Non sa ancora che conoscerà un ragazzo misterioso e bellissimo, la pelle bianca come la neve e troppo fragile per sopportare i raggi del sole. Non sa ancora che si innamorerà di tutti i segreti nascosti nell'abisso dei suoi occhi azzurri.
Questa è la storia di Kurt e Blaine, e di come si sono amati.
"Preoccuparsi della vita di Kurt, del dolore che si nascondeva dentro i suoi occhi, lo aveva fatto sentire per la prima volta come se avesse una missione, un motivo per cui svegliarsi ogni mattina. Ma allo stesso tempo, gli aveva fatto capire chiaramente che prima questo motivo non c’era, e non era un bene.
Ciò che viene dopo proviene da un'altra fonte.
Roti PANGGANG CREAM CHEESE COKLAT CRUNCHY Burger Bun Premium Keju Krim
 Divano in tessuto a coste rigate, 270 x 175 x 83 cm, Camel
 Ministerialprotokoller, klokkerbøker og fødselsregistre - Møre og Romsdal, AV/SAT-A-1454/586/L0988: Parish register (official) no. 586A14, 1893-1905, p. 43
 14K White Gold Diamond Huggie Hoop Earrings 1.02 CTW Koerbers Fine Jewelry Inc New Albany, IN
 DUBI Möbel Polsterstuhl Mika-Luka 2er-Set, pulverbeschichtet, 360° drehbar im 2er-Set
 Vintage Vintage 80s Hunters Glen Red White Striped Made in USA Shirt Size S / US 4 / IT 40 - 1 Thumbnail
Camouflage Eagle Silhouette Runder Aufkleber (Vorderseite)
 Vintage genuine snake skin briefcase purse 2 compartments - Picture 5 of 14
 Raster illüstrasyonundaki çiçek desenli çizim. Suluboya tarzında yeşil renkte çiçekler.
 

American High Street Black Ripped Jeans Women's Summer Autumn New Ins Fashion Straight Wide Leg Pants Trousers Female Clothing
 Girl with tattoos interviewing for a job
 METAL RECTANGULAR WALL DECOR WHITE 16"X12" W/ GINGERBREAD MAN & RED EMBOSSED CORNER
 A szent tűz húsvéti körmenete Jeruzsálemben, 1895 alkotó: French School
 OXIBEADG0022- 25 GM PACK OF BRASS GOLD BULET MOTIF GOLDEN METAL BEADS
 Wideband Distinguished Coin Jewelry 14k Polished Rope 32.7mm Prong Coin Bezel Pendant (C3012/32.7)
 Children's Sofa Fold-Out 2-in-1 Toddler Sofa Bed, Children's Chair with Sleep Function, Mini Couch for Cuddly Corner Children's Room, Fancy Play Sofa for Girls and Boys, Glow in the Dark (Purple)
Non era forse un rischio, un rischio inutile, quando poteva benissimo vivere sereno tra le mura accoglienti della Dalton e lasciare quel ragazzo allergico al calore del sole ai suoi problemi, alla sua vita? Lasciare che passasse il resto dei suoi giorni nel buio, ma quello del cuore e dell’anima?"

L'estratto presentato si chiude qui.